A date and a version a number
For each matrix:
- An m by n table giving the labels in the matrix graph.
- A copy of the line, described above, with details of the fill-in.

Technical Notes

As the size and number of the linear systems increase the code requires more resources in terms of time and memory. You are likely to run out of patience before you run out of memory, particularly if you download the code and allocate memory to it manually. However, the product of m and n must not exceed 46,340. Beyond that number parts of the index arithmetic in the code would overflow the integer word size in java.
If you do run out of memory you may be able to recover memory, and continue your work, by deleting some of the open matrix windows. (Type x or X in those you want to get rid of.)

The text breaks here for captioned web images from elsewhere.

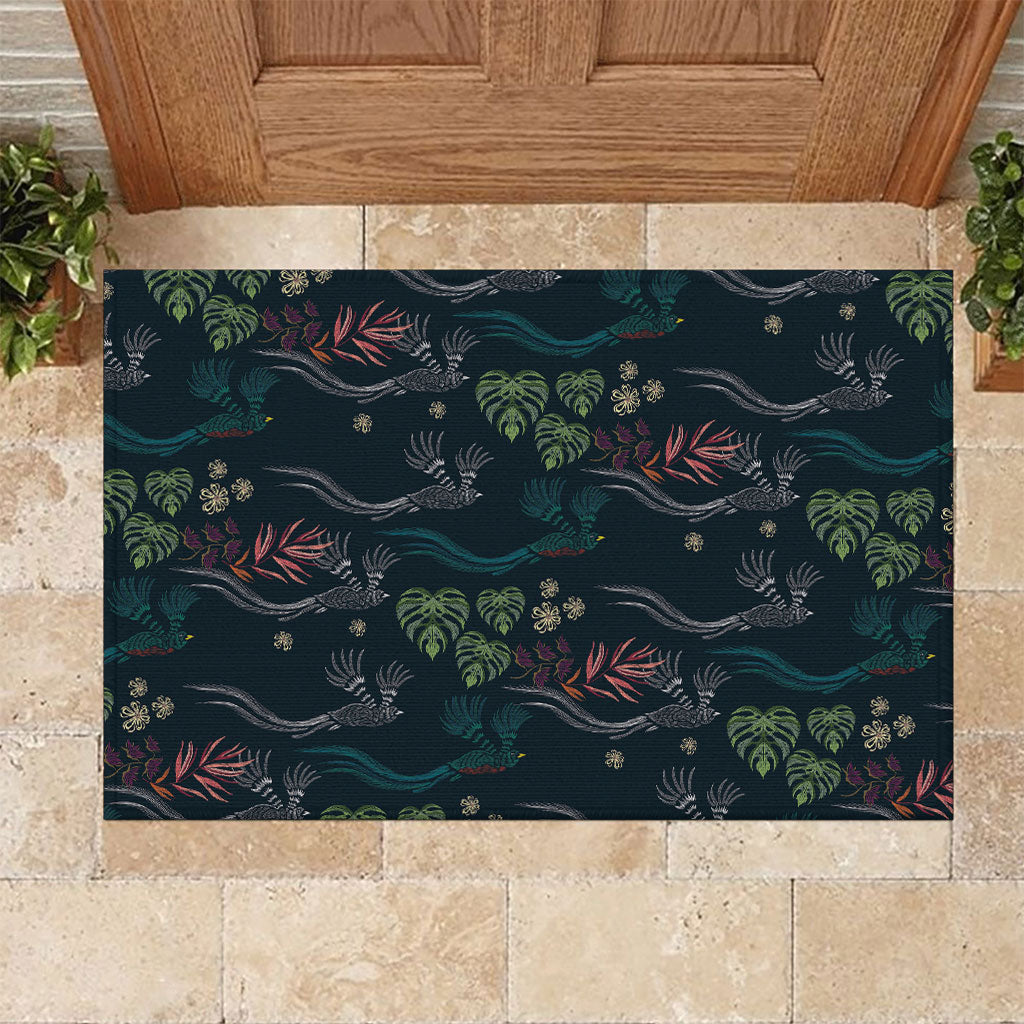 Guatemala Quetzal Bird Pattern Rubber Doormat Embroidery Effect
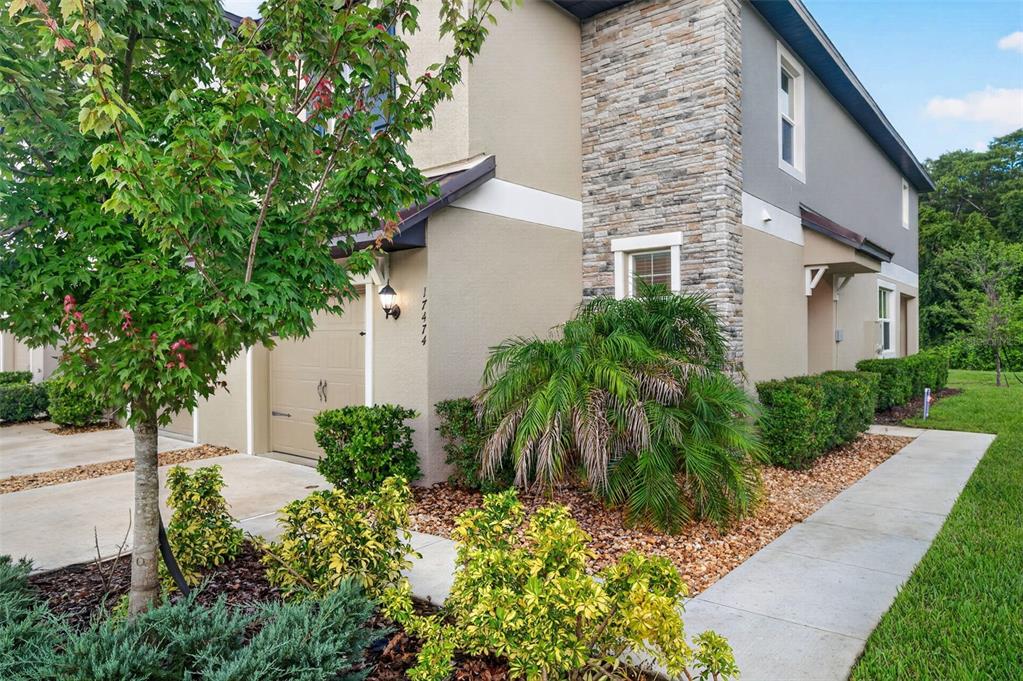 A two-story townhouse exterior with a stone facade, a garage, and landscaped front yard — 17474 NECTAR FLUME DRIVE, LAND O LAKES, FL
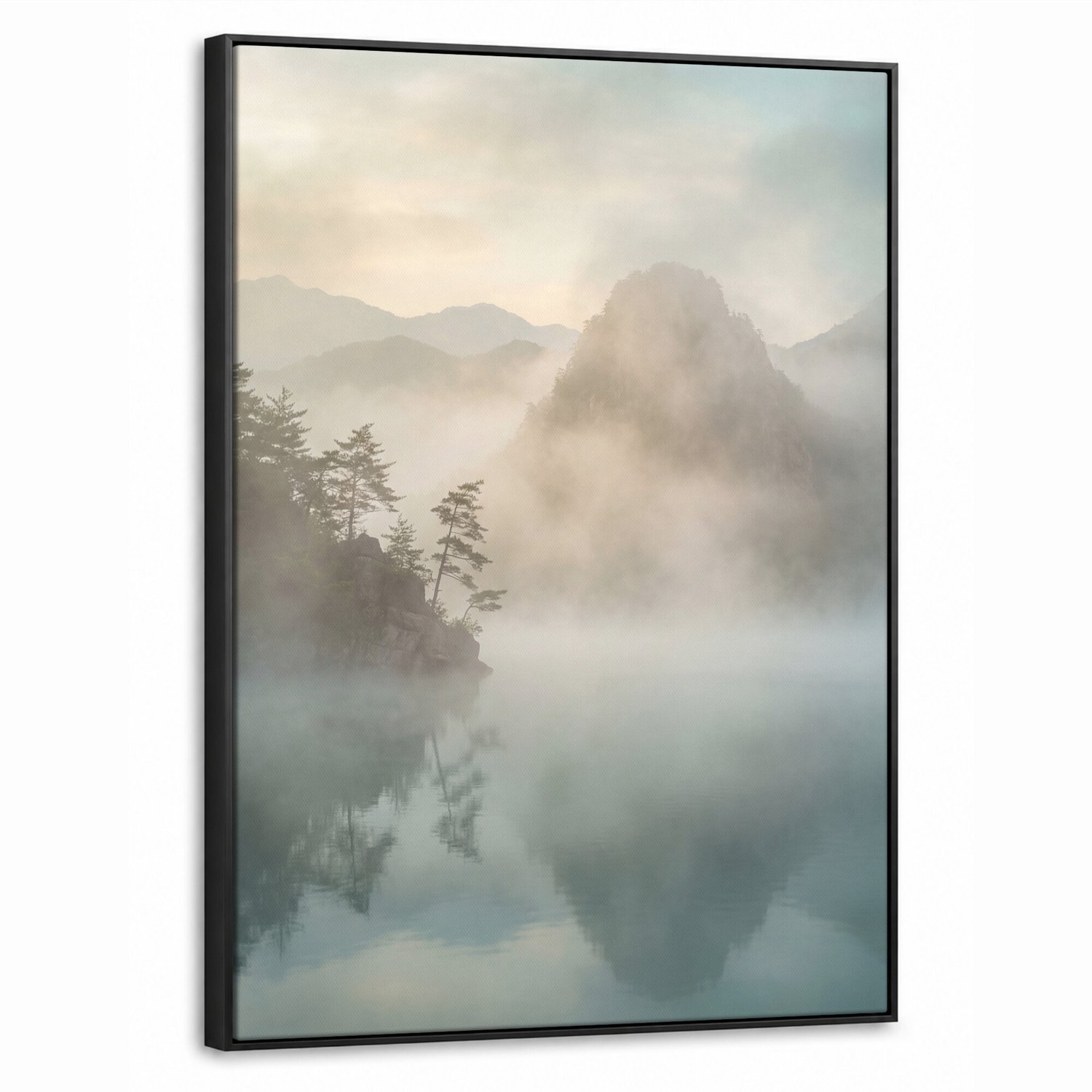 Canvas Schilderij met Baklijst - Landschap - Bergen - Mist - Water - Natuur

This software has been designed for interactive experimentation. It is not particularly fast. For the actual computation of optimal orderings of large matrices one would likely want to use a faster special purpose code.
Reversing the ordering may have no effect at all, for example, in the lexicographical ordering, or a huge effect, for example in the greedy algorithm.
Similarly, interchanging m and n may have a large or a small effect.
The greedy algorithm may require more time for the computation of the ordering than for the computation of the fill-in. Of course, if you actually solve several linear systems with the same structure the ordering would have to be computed only once.
The values of m and n specified in the control panel have no effect when importing an ordering. After the imported file is read they are reset to the values specified in the file.
The code uses a hash table to keep track of zero and non-zero entries in the coefficient matrix.